Korea Polytechnic University
Renouncing “Global Citizenship”: Seeking More Personal Ways of Motivating Students In Korea, the concept of “global citizenship” is being used to motivate students who are studying within a broad spectrum of educational institutions: from kindergarten to university, at schools both private and public. However, research has shown that global-citizenship education in Korea, as well as other countries, may not actually achieve the goal of motivating students to study. In global-citizenship curricula, students are encouraged to become “productive, self-employable, and competitive beings addressing the demands of national economic growth and competition in a global marketplace” (Choi & Kim, 2018). Yet, young Koreans increasingly say that they hope to escape what they refer to as the “unending competition” of life in modern Korea (Yon, 2016). Therefore, as long as global-citizenship education focuses on economic competition, it will not serve the purpose of motivating all students. Even for those students who might be amenable to using education to prepare themselves for economic competition, the concept of global citizenship provides extrinsic, instrumental motivation. That combination of motivations is hard to sustain; learners may easily become frustrated or feel that they are not in control. In this dialogue session, we will continue to consider the potential problems of using global citizenship as an engine of motivation for our students. We will also explore different ways to motivate our students. Ultimately, we will look for ways to help our students to cultivate their own unique, English-language identities within a global context without prioritizing economic competition over personal development. Works Cited Choi, Yoonjung, & Kim, Yeji. (2018).
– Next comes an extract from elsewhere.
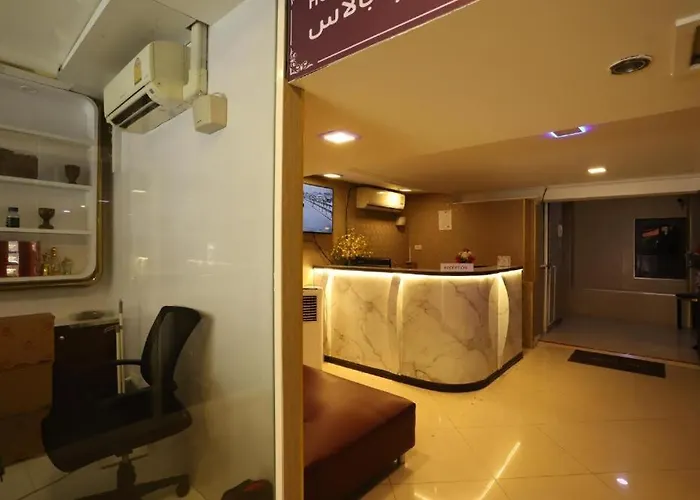 Hotel Lucky Palace Bangkok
Deconstructing neoliberalism in global citizenship discourses: an analysis of Korean social studies textbooks. Critical Studies in Education, DOI: 10.1080/17508487.2018.1501718 Hwangbo, Yon. (2016). Young people increasingly looking to escape Korea for a life abroad. Hankyoreh, http://english.hani.co.kr/arti/english_edition/e_national/724607.html
Blake Brunner has taught English and international relations at Korea Polytechnic University since 2016. From 2010 to 2015, he taught in high schools in Daegu. He has also taught in Vietnam and Syria. He has Cambridge CELTA and Delta certifications, as well as a master’s degree in international relations. His research interests include motivation in monolingual classes, ELT policy in Korea and the role of the mass media in international relations.